Nearly 80% of the Northwest is in a drought this summer, with more than half in a severe or extreme drought, according to a July analysis and September data from the U.S. Drought Monitor at the National Oceanic and Atmospheric Administration.
That’s due in large part to a lack of spring rain. Between April and August, Oregon had its fourth-driest period since record keeping began in 1895, according to Larry O’Neill, Oregon’s state climatologist and an associate professor at Oregon State University’s College of Earth, Ocean and Atmospheric Sciences.
“We got about half of our usual precipitation during that time,” he said.
Despite a wet winter and solid snowpack filling water reservoirs, “spring precipitation is quite important for a lot of the state, and especially for wildfire danger and for agricultural livestock production,” O’Neill said.
For most of Oregon and the Northwest, the spring and summer drought are characterized as short-term, but for some parts of the state, such as in Wallowa, Umatilla and parts of Baker counties, drought has been ongoing for more than a year.
Oregon Gov. Tina Kotek has since July declared a drought emergency in Union and Baker counties, as well as Coos, Douglas, Lincoln, Morrow and Wheeler counties.
Such declarations allow the state’s Office of Emergency Management and the Agriculture and Water Resources departments to assist the counties by expediting review processes and reducing fees for emergency permits to draw more water or temporarily transfer a water right.
Streamflows in some Oregon rivers in the northwest and west of the state along the Coast Range reached record lows this summer. Across the Northwest, more than 50% of streamflow sites where NOAA measures levels are below normal, according to the NOAA scientists. O’Neill said scientists are keeping a close eye on the Siletz, Nehalem, Alsea and Chetco rivers in Oregon that rely heavily on spring rain for their flows, and which have measured low.
Across the WestExtreme drought is currently most prevalent in western Washington, northern Idaho, and western Montana and is widespread in Idaho and Washington, according to the scientists at NOAA.
In April, the Washington Department of Ecology issued a drought emergency for the Yakima Basin. By June 5, the department had issued a drought emergency for 19 watersheds covering much of the north and central parts of the state.
The situation across the west is “perilous” according to the NOAA scientists, because it was compounded by mega droughts in the early 2000s and in the early 2020s. But conditions in the Northwest at least are not nearly as bad as they were in 2021.
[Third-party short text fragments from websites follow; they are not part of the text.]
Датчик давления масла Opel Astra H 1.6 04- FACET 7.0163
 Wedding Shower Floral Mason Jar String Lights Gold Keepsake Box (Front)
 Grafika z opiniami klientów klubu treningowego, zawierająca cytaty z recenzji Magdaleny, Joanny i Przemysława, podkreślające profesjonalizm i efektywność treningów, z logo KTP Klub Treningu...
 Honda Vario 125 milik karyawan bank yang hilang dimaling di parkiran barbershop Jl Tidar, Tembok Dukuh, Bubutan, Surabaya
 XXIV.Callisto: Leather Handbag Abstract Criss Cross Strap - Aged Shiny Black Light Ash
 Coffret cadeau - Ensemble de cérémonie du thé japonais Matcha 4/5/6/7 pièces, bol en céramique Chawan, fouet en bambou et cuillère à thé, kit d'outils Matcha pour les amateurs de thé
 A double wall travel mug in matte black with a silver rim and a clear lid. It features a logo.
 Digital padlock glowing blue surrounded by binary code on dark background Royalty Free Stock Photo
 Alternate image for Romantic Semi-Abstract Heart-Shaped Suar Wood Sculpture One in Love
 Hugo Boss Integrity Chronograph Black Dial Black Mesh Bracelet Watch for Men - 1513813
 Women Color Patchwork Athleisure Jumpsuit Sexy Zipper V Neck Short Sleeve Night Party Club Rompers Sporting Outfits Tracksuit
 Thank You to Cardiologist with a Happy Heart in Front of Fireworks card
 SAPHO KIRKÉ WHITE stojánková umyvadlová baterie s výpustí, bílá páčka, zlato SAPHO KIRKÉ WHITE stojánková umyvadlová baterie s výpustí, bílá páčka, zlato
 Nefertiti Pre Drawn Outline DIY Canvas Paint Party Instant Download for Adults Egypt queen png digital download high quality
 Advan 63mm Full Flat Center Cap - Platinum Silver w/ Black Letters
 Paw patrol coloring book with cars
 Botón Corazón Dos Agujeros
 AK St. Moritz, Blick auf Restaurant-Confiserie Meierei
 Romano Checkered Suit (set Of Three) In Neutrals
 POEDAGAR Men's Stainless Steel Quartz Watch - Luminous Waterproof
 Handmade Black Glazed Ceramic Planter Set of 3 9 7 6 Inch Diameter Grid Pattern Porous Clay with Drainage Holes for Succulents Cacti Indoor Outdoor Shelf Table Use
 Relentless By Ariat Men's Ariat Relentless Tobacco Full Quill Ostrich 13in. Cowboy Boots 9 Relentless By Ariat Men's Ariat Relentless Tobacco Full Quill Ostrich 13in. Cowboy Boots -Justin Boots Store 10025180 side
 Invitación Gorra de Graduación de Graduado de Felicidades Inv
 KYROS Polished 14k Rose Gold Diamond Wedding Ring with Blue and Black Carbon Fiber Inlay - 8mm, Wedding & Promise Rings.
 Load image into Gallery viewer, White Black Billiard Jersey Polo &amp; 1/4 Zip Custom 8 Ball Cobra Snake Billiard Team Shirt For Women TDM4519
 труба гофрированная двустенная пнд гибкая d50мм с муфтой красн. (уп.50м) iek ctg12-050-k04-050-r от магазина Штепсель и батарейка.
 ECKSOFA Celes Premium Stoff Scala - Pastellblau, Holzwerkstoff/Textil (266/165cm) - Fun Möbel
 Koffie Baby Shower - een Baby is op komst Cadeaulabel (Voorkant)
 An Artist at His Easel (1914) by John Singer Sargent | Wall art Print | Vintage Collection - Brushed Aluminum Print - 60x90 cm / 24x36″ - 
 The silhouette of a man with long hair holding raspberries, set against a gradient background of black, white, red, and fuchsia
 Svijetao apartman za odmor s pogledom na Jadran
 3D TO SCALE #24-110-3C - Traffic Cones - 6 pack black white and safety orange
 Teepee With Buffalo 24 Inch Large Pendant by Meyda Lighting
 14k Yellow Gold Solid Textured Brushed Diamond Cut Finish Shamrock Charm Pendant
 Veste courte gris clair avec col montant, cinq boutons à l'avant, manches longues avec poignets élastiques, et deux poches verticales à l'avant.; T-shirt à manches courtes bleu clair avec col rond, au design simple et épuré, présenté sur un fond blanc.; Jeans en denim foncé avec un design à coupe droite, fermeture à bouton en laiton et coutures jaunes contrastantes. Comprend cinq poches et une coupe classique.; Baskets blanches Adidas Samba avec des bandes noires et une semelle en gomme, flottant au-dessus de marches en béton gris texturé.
“Current drought coverage and intensity pales in comparison to peak drought conditions in the early 2020s,” analysts wrote.
In July 2021, nearly 60% of the West was in an extreme or exceptional drought. About 13% of the Northwest today is currently in extreme or exceptional drought.
NOAA’s Climate Prediction Center currently forecasts equal chances of above and below precipitation for the winter in the Northwest, with a slight favorability that it could be above normal.
“We’re crossing our fingers, hoping for the rain to come,” O’Neill said.